The United States Capitol Historical Society was organized in 1962 to study and interpret to the public the rich heritage of the Capitol building and the United States Congress. It is the only private non-profit educational organization dedicated solely to recording the history of the building and Congress, which serves as the instrument by which the American people govern themselves.
Active in the founding of the Society in 1962 were the bi-partisan leadership of the Congress, respected historians, other interested citizens and the catalyst and first Society President, Fred Schwengel, then a Congressman from Iowa. All incumbent Members of Congress are honorary members of the Society. In 1978, the responsibilities of the Society were greatly expanded when it was chartered by Congress. Another important duty that emanated from the 1968 Visitor Center Act was the operation of the visitor center in the Capitol where the Society provides information and historical literature and other items for sale to visitors to the Capitol.
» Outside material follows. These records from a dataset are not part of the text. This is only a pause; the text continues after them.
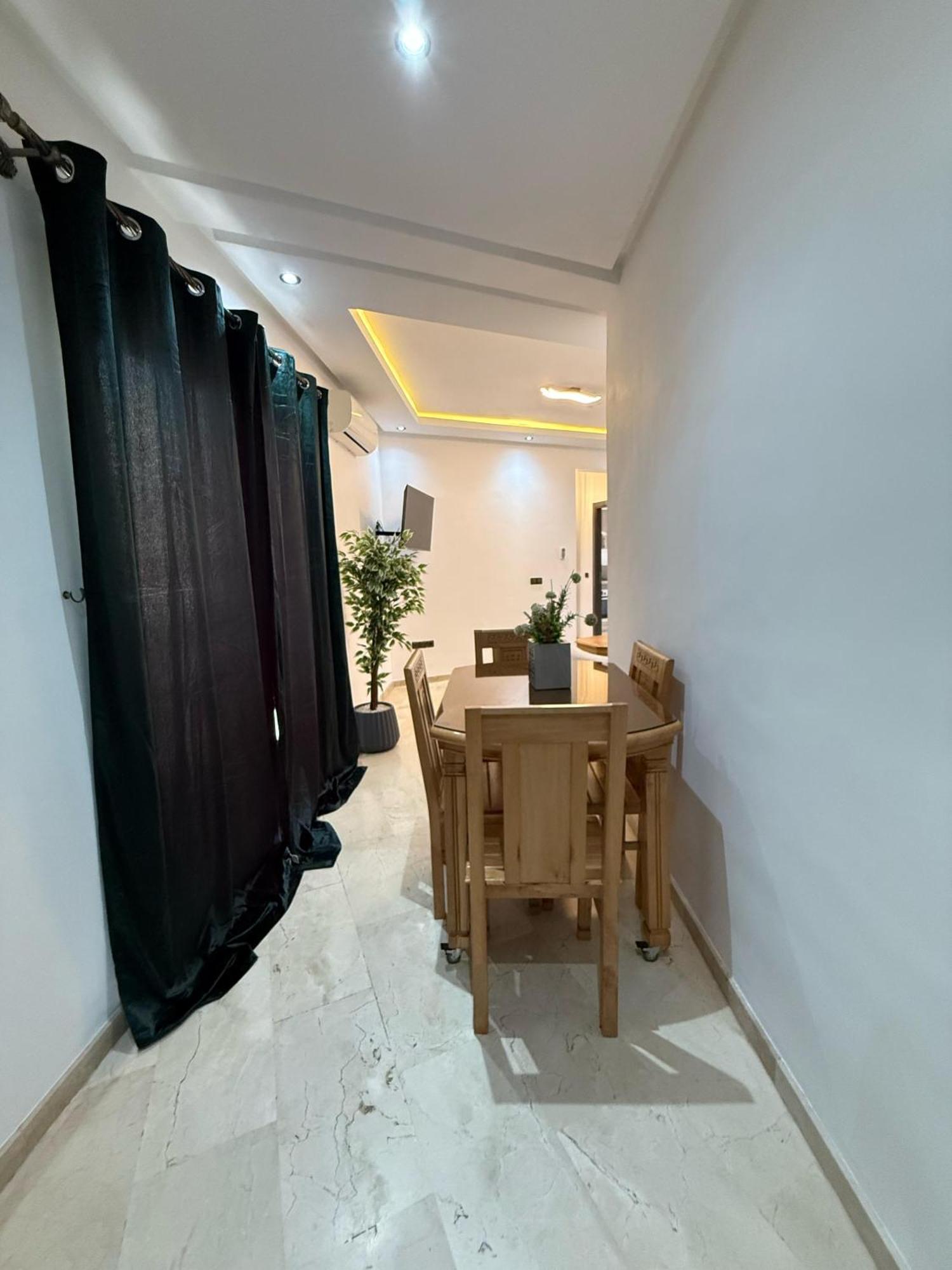 Appartement Nour Gueliz Marrakech Marrakesh Eksteriør billede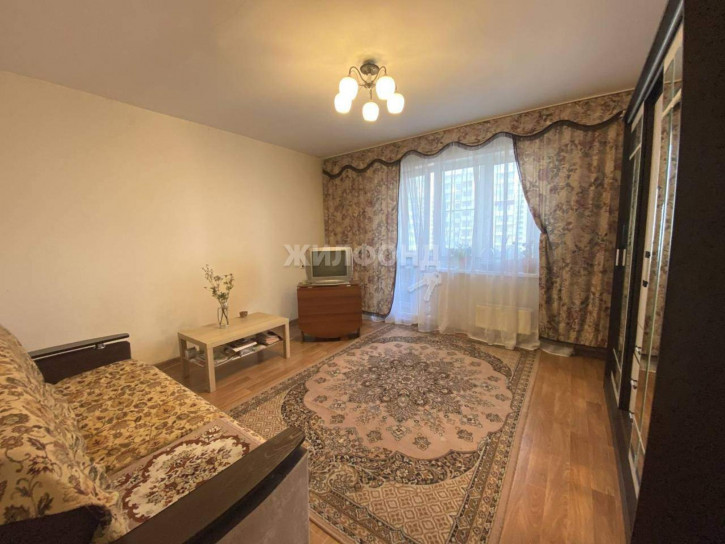 1-комн квартира Березовая роща улица, д.24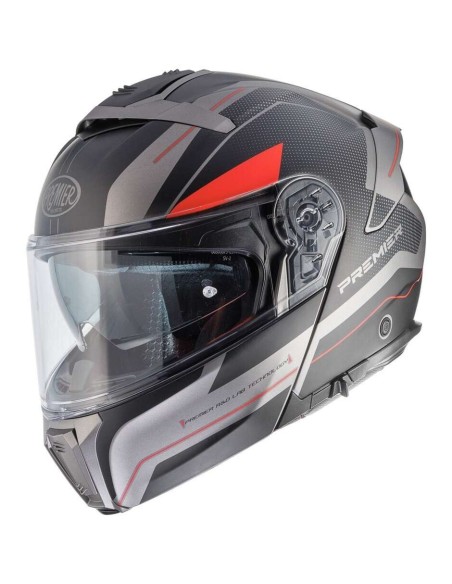 Casco modulare Premier Legacy GT AS17BM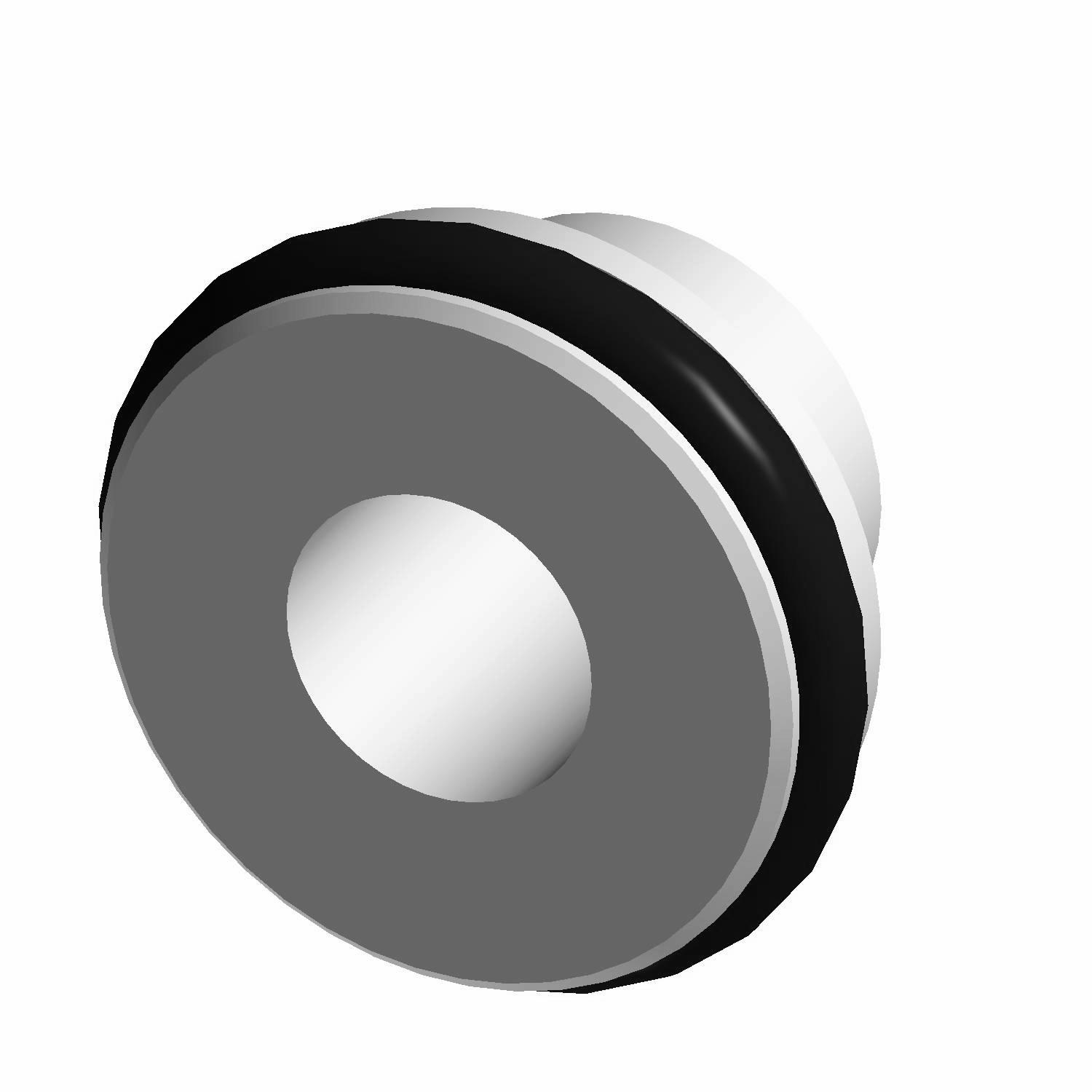 ASM-PIVOT CAP SEALED SLIM M10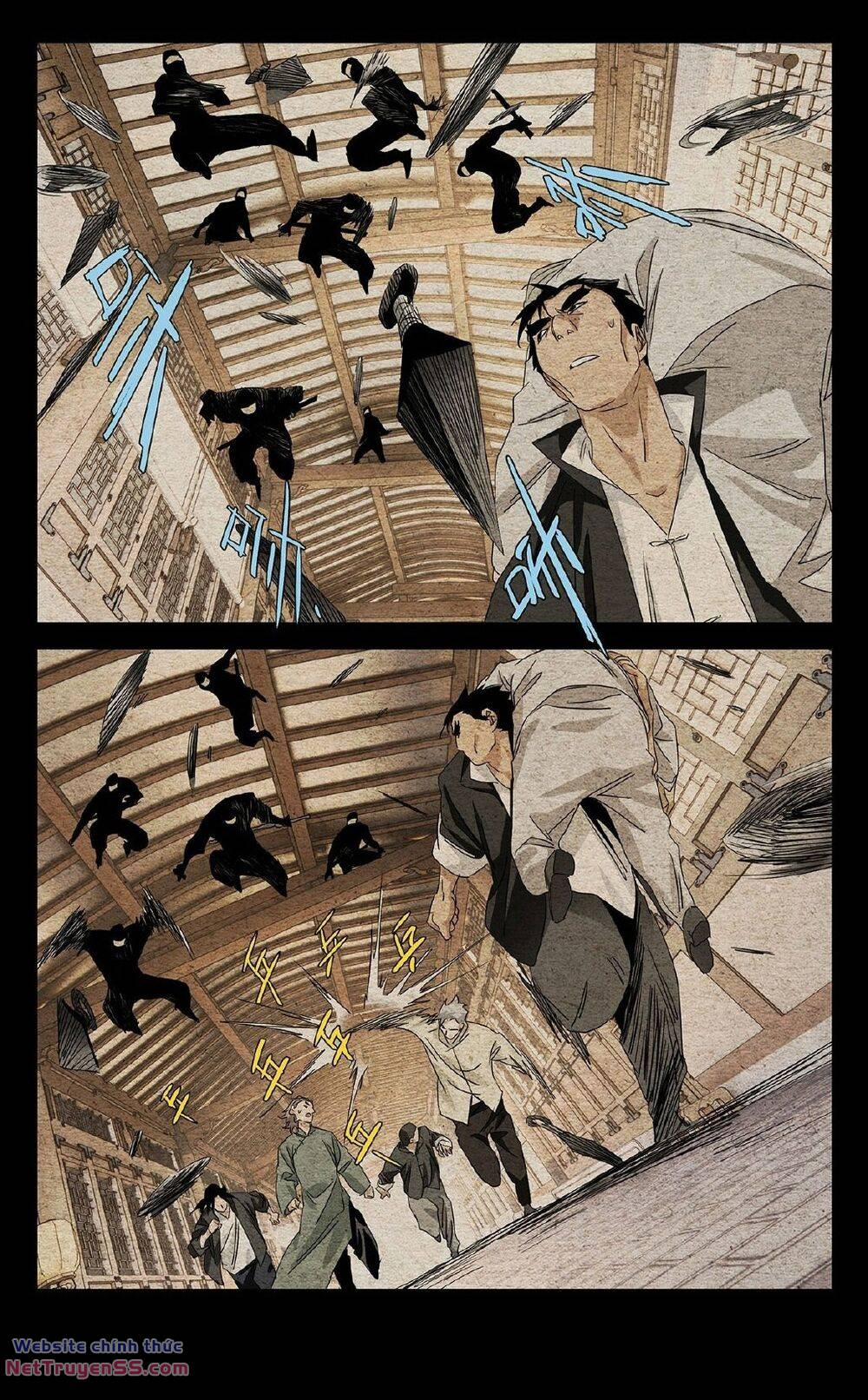 Nhất Nhân Chi Hạ Ngoại Truyện 1 trang 15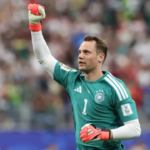 'É claro que este é o meu último torneio...': Neuer da Alemanha sobre a aposentadoria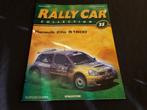 Renault Clio S1600 Rally Car – Magazine DeAgostini, Boeken, Auto's | Folders en Tijdschriften, Ophalen of Verzenden, Zo goed als nieuw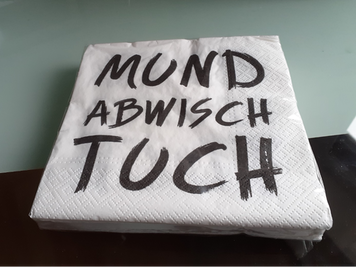 Mundabwischtusch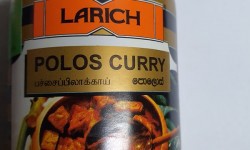 Larich Polos Curry 350g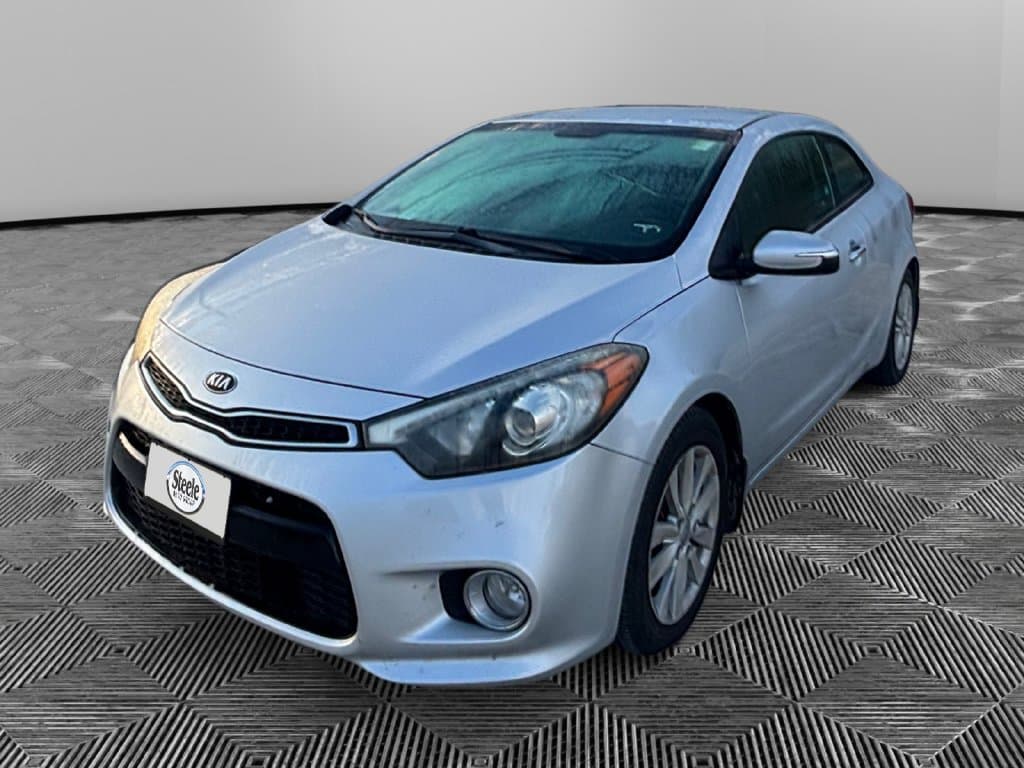 2016 Kia Forte Koup EX — photo 1 of 20
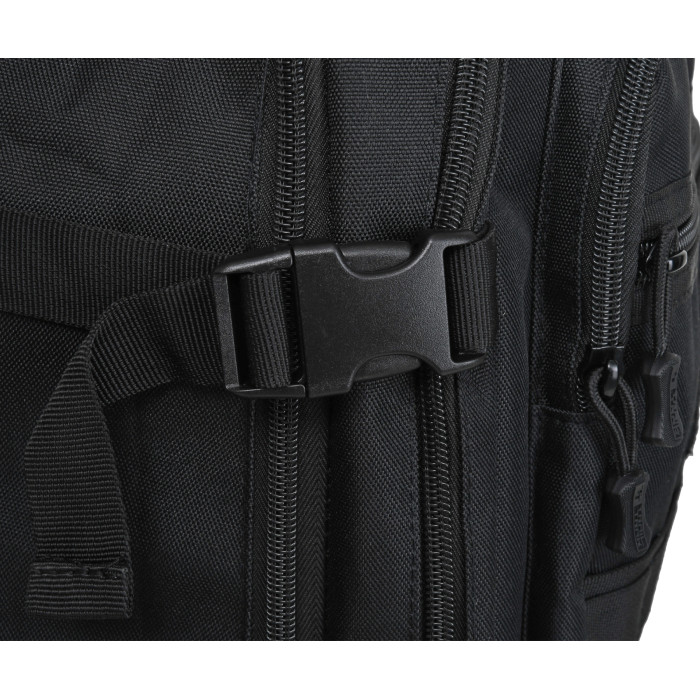 Рюкзак Trail Trak Expedition Backpack 17л Black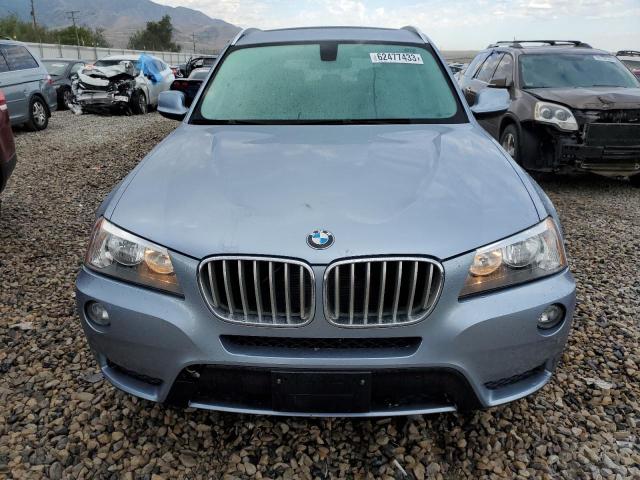 5UXWX9C58D0A26631 2013 BMW X3, photo no. 5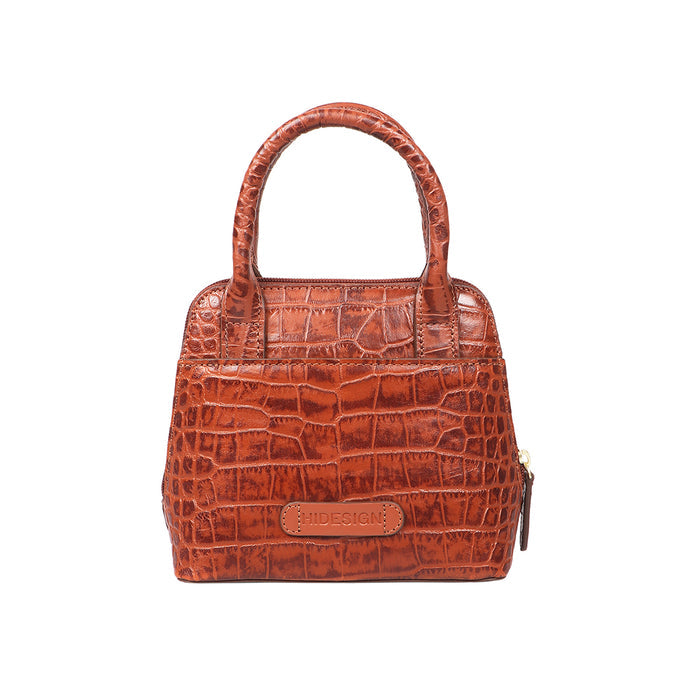 Madre 01 Tan Leather Mini Bag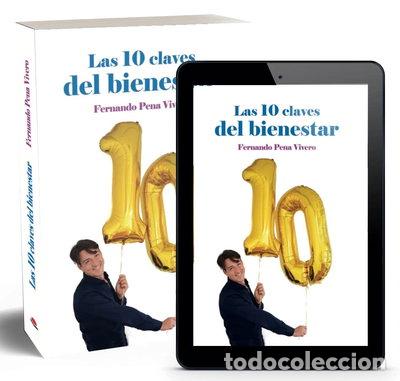 Livros em segunda m&atilde;o: Las 10 claves del bienestar- 9788411455367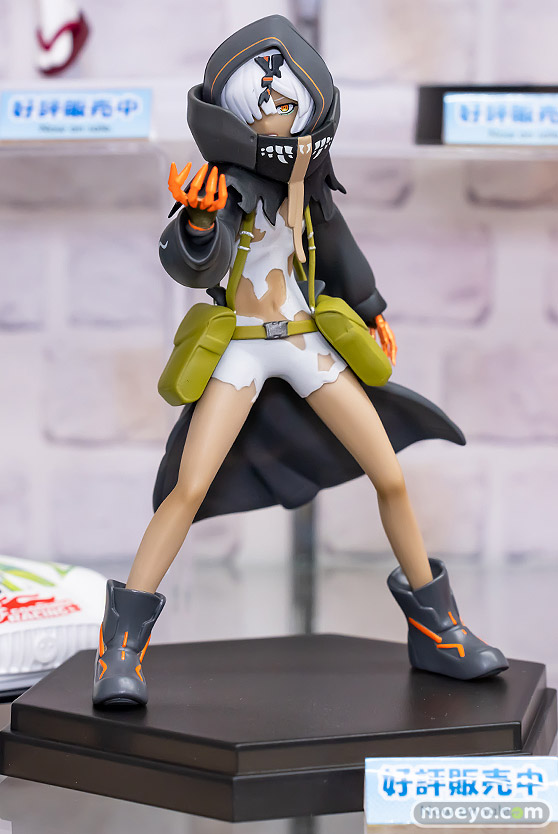 秋葉原の新作フィギャ展示の様子 ボークス 01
The Society, with the support of the National Geographic Society, originated early in its history its first and most successful historical publication: We the People, the Story of the United States Capitol. Now in its 15th edition, more than five million copies of this informative and popular history have been sold in six languages. Soon after, in 1968, the Society published its first “We the People” historical calendar. In recent years the Society’s calendar has been seen in every part of the world and its distribution reached one million copies annually.
As the Society conceived additional projects and programs to further research the history of the Capitol and Congress, its publication program grew to include a guidebook to the Capital city, Washington Past and Present. Symposia are held that contribute to its nationally respected academic series of scholarly publications.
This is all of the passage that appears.